Take a look at the Alerts to see if there’s anything new generated within the time frame of the incident. There may be times when alerts are not generated by default especially if the incident is triggered by an application specific logic. It would help a lot if the support team pre-configures generation of alerts using the different monitors of Retrace.
To rule out the possibility that it’s an environment issue, the support resource can access the [Monitoring] tab to check the server status. The tab also shows the status of Key Transactions monitored and a list of Errors.
Once the support resource has an idea of the requests affected by the incident reported, the support resource can use the [Performance (APM)] tab to trace the request and look for anything abnormal in the flow of execution or look for failures. If the incident is related to performance degradation, the Performance graph is a good starting point for the investigation. The execution time per request/method can also be used to determine long running requests/methods. The ability to trace the source code for me is the most important feature of any APM tool because it technically gives the support resource or the developer, the ability to perform debugging in the production environment.

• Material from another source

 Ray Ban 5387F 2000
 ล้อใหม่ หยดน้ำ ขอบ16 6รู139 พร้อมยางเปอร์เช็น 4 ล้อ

[Errors] tab and [Logs] tab are good features which can be used to check for error messages and logs that were generated within the time frame of the incident occurrence.
Problem Management
Problem management deals with identifying and resolving for good recurring incidents in the application. Support teams with high service maturity are able to analyze incident trends and identify inherent problems and gaps in the current implementation and look for ways to resolve them for good. The goal is to be able to achieve a certain level of stability of the application which results to higher user satisfaction and lower cost as far as operating the application is concerned. Some support teams set annual targets on the reduction of man-hours required to do recurring tasks and a good problem management is the key to achieve this goal.
Takeaway
Some service operation processes are quite complex and requires periodic performance assessment to be able to achieve the goals of the business. That’s why it’s important to identify support key performance indicators (KPIs) to be able to determine if the operation is improving, performing well or not. Operation support in itself though important is not directly value adding. Hence, it’s important to ensure that it’s being done in an efficient and effective manner.